海軍少尉・小堀は駐屯地でアンスマリン(日出子)に恋するが、彼女は抗日組織と関係があった・・・。冒頭の導入のアニメーション、アンジェラ・アキ『手紙』のピアノインストがBGMに使われていて、その爽やかさに戸惑う。本筋より主演男優ナデート・クギミヤの直向きな日本人演技に胸うたれる。ラストはちょいホラー入ってたが、橋の上での爆発シーンなど迫力あった。まあ、ツッコミ所はたくさんあるけど、トンチャイ版よりは良いのではないだろうか?改めてこの物語の面白さに気づくことも多く、日本側でリアリティを追求してリメイクしたらどうだろう。


●『タン・ウォン〜願掛けのダンス』(13)コンデート・ジャトゥランラッサミー監督

4人の男子高校生が、それぞれの願いのために願掛けをするが、御礼参りとして伝統舞踊を演じることに。
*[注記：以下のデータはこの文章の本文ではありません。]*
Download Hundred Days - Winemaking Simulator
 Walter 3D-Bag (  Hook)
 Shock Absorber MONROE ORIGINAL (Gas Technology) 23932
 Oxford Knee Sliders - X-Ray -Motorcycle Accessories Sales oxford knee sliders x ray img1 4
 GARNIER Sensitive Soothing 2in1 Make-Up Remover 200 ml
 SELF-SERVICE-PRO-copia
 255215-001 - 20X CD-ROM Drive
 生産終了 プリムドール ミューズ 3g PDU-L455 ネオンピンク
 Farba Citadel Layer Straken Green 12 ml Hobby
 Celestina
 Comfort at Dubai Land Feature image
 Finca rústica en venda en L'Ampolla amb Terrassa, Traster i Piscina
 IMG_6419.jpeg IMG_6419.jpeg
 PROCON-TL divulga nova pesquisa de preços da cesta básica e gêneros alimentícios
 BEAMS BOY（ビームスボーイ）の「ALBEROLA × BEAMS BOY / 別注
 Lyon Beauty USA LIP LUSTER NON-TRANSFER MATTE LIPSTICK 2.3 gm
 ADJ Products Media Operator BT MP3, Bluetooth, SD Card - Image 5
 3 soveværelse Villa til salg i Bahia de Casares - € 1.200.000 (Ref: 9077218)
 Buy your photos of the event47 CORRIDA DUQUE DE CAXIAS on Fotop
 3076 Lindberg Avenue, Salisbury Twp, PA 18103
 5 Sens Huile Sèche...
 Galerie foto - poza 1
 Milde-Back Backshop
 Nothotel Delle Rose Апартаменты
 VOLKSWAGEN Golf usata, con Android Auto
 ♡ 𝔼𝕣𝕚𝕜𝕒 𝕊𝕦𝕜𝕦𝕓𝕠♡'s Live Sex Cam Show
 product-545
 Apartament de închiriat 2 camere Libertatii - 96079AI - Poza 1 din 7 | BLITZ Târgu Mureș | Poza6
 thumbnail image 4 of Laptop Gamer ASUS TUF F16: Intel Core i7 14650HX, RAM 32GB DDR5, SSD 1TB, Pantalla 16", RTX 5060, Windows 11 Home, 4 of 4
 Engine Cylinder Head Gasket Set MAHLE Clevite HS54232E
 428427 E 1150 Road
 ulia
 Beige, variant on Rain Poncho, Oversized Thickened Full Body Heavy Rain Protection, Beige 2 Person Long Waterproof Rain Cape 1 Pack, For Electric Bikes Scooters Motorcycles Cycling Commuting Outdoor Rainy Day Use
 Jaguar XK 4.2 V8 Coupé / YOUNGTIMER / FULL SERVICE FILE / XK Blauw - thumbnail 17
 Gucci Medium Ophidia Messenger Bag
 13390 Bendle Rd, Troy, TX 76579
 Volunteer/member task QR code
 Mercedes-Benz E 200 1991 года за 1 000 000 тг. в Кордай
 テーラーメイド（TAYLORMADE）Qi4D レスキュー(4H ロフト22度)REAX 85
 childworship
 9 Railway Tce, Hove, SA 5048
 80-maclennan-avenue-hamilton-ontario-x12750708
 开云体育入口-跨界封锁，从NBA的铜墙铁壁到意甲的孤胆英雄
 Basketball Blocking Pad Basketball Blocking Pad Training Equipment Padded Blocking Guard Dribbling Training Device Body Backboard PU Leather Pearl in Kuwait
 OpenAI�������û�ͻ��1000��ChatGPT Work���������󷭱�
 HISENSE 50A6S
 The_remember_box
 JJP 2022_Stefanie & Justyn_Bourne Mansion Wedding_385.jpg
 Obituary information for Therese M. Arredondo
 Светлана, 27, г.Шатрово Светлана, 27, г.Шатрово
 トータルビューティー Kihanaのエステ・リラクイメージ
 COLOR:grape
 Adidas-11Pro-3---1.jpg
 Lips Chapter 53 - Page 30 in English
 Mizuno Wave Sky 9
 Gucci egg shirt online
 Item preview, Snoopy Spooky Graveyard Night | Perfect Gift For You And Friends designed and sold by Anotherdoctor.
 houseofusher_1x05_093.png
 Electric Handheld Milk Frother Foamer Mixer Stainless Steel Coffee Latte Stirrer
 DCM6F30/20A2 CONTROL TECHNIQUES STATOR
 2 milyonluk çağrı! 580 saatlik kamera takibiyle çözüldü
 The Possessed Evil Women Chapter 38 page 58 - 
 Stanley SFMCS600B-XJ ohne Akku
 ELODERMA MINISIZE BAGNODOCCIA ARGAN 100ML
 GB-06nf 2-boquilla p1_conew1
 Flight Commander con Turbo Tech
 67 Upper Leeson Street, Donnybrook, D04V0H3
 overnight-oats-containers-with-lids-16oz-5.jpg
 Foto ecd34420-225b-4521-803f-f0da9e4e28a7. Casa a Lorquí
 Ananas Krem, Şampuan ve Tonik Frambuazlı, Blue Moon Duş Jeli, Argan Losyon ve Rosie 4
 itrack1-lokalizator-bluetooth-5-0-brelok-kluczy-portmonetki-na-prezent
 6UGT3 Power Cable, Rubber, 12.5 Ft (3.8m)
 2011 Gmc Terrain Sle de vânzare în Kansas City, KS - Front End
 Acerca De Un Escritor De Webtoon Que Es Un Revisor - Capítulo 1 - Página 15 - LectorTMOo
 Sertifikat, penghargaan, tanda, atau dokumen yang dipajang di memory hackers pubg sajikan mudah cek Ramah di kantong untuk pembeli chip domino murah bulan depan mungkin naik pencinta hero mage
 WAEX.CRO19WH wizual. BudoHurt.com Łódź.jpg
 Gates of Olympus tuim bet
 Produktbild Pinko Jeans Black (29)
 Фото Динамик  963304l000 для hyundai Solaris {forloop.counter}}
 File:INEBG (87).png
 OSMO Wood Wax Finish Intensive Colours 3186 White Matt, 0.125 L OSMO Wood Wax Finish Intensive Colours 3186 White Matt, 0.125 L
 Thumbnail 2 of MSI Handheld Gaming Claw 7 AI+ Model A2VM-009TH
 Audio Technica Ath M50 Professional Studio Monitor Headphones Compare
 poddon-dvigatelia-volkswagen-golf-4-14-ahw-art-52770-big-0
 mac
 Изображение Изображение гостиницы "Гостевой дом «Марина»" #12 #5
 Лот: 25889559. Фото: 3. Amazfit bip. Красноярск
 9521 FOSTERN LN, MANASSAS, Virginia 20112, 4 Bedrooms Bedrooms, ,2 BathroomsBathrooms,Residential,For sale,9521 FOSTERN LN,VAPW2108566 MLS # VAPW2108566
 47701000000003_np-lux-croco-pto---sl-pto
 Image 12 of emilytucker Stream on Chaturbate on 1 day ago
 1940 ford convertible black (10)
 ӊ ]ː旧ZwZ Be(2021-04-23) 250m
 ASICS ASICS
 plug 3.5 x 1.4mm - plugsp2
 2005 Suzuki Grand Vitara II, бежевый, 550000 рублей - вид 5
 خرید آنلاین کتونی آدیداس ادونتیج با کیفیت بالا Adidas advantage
国を二分するデモで内乱状態になったバンコクを背景に、タイの文化・未来を考えさせる。ゆるい笑いから思ってもみなかったシビアな結論に、タイ人の受けている傷の深さを慮る。
監督によると「タン・ウォン」とは踊りの基本姿勢のことで、ファースト・ステップのこと。人が集まるという意味もある。4人の高校生たちは中流上、中流下、労働者階級、貧困層を代表している。「文化省からタイの文化の出て来る映画脚本を書くよう頼まれたのがきっかけで、タイの文化とは何かを考えるようになった。タイ人同士の団結力はよくない。タイに希望はもってません」とはっきり言う監督に驚いた。
コンデート監督の『ミッドナイト、マイラブ』はその年のベスト10に入れたいくらい気に入った作品だったのに、その後観る機会がなかったのが悔やまれる。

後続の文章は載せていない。